Es herrschte große Angst, denn die Gegend war vorbelastet. Im Juli 1944 war ein amerikanischer B-17-Bomber von der Flakstellung an der Autobahn abgeschossen worden und in Ottenburg abgestürzt. Der Pilot starb beim Absturz, acht Soldaten überlebten, sie wurden – entgegen der Genfer Konvention – erschossen. Die amerikanischen Soldaten sollen beim Einmarsch gesagt haben „ein Schuss wenn fällt, dann steht in diesem Ort kein Haus mehr“. Robert Lembke redete mit den Soldaten und ging unter Bewachung mit ihnen durchs Dorf, denn sie waren auf der Suche nach bestimmten Personen, die mit den Erschießungen in Verbindung gebracht wurden. Die Leute im Dorf haben gezittert, denn keiner wusste, ob nicht doch noch irgendwo Nazis versteckt waren. Aber es passierte nichts.

Kam Robert Lembke später nochmal nach Fürholzen?

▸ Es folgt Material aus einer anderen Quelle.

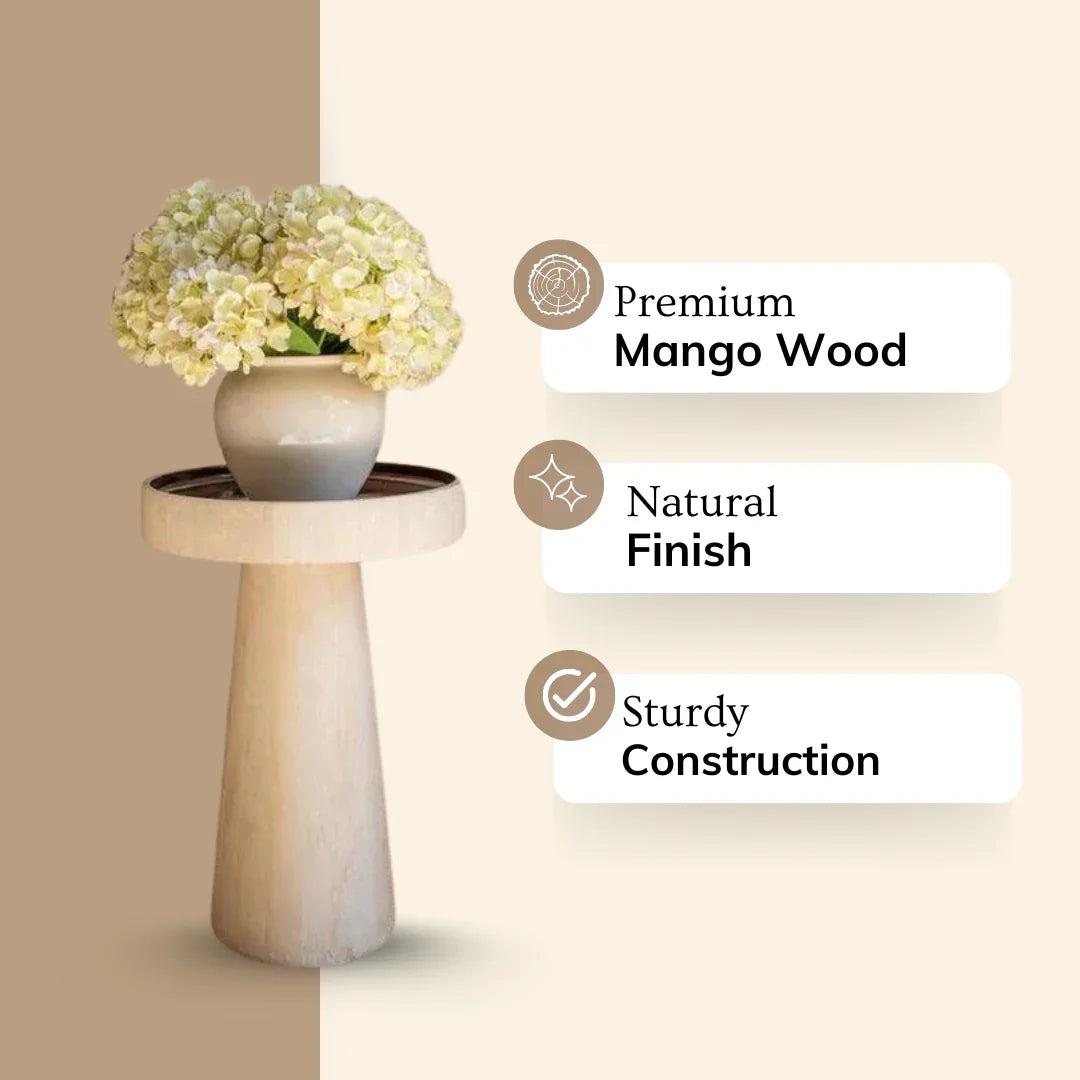 Spazio Mango Wood Side Table  for Living Room | Corner Table | Premium End Table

Er war zwar noch ein paar Mal hier, brachte der Lammer- Mutter Pralinen und spielte mit den Bauern Schafkopf. Doch bald darauf startete seine Karriere beim Rundfunk und er wollte von der Zeit in Fürholzen nichts mehr wissen.

Herr Keller, woher haben Sie Ihre Kenntnisse über diese Ereignisse?
Schriftlich ist in Fürholzen über Robert Lembke nichts vorhanden, weder in Aufzeichnungen noch in Kriegstagebüchern. Verständlich, denn das hätte für den Verfasser gefährlich werden können. Ich wohne in Fürholzen und habe mit vielen Nachbarn und Zeitzeugen gesprochen. Es hat allerdings längere Zeit gedauert, bis mir die Leute von dem Flugzeugabsturz oder den Erschießungen erzählt haben, die manche als Kinder beobachtet haben.

Das Interview mit Ernst Keller führte Maria Schultz. Die Fotos vom Lammer-Hof und von Robert Lembke stellte Herr Keller freundlicherweise aus seinem Archiv zur Verfügung.

Der „Lammer-Hof“, in dem sich Robert Lembke versteckte
Jahre später wurde Robert Lembke als Rundfunk- und Fernsehmoderator eine bekannte Persönlichkeit.

Für Sie berichtete Maria Schultz.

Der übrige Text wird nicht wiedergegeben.